— About this exercise —
Only the pictures are to be left out, and the rest of the entries should be reproduced exactly.

========

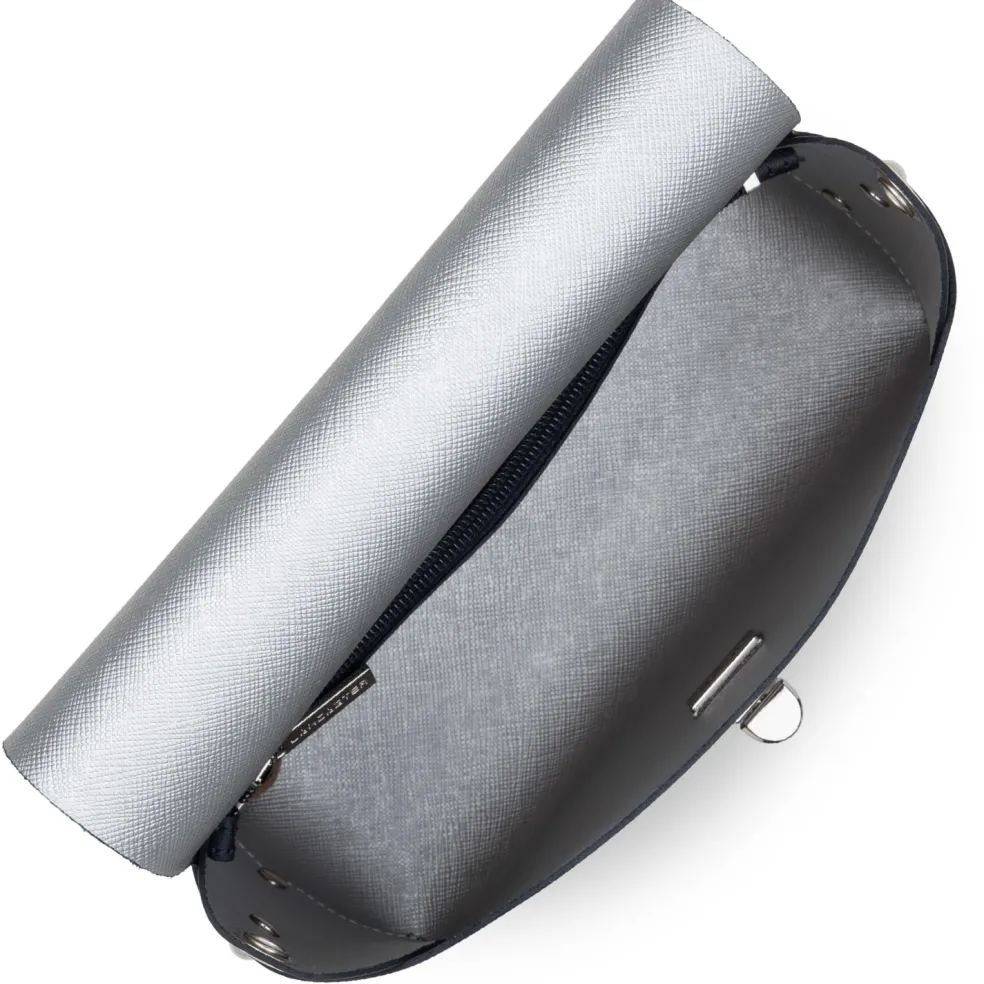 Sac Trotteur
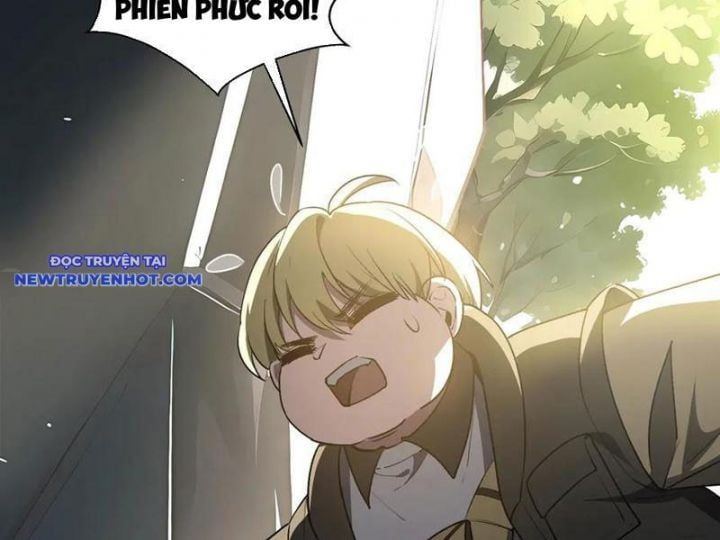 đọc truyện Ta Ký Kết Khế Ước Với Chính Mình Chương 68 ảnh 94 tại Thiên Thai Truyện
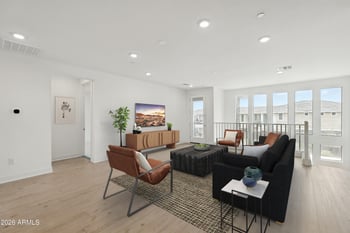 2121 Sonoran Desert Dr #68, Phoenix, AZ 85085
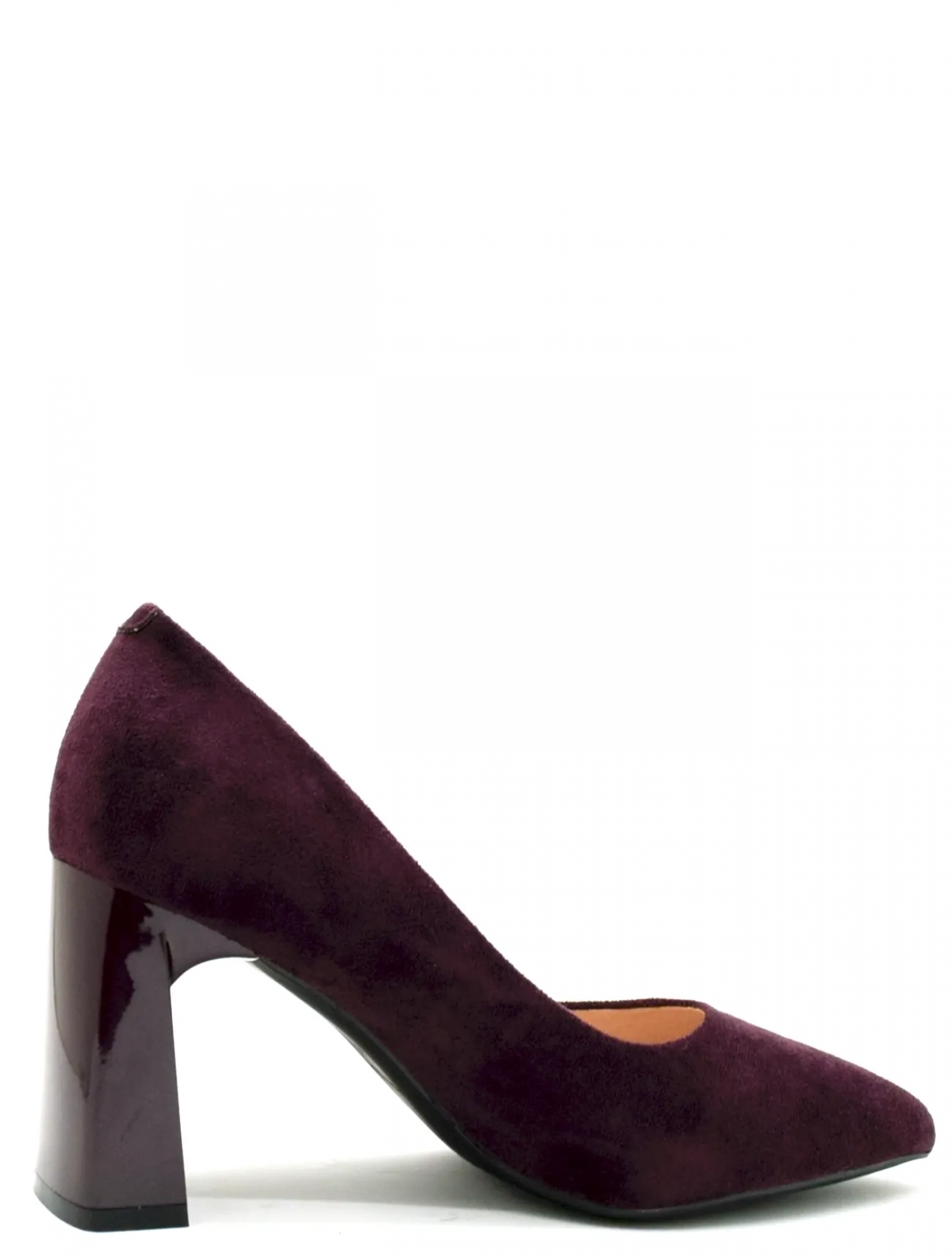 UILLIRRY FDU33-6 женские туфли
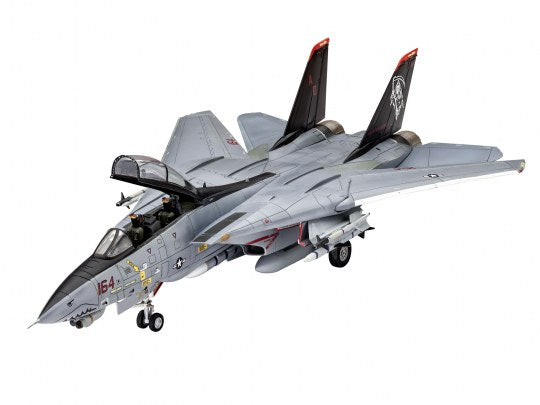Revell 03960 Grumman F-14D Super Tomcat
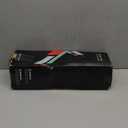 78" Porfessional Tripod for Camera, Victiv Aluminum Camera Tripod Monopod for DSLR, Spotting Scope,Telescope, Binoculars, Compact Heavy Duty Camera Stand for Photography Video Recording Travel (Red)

========

— Task output —
 Sac Trotteur
 đọc truyện Ta Ký Kết Khế Ước Với Chính Mình Chương 68 ảnh 94 tại Thiên Thai Truyện
 2121 Sonoran Desert Dr #68, Phoenix, AZ 85085
 UILLIRRY FDU33-6 женские туфли
Revell 03960 Grumman F-14D Super Tomcat
 78" Porfessional Tripod for Camera, Victiv Aluminum Camera Tripod Monopod for DSLR, Spotting Scope,Telescope, Binoculars, Compact Heavy Duty Camera Stand for Photography Video Recording Travel (Red)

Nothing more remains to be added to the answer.